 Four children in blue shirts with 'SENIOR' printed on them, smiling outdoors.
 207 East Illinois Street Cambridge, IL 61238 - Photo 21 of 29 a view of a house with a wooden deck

=-=-=

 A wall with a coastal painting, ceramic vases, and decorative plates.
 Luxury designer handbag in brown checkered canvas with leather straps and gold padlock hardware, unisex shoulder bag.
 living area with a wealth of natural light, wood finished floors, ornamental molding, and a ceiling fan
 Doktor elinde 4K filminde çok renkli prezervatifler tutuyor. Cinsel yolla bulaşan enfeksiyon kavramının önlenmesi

=-=-=

## [Try it]
Among the lines above, count those containing the word "with" and write only the number.

## [Task result]
5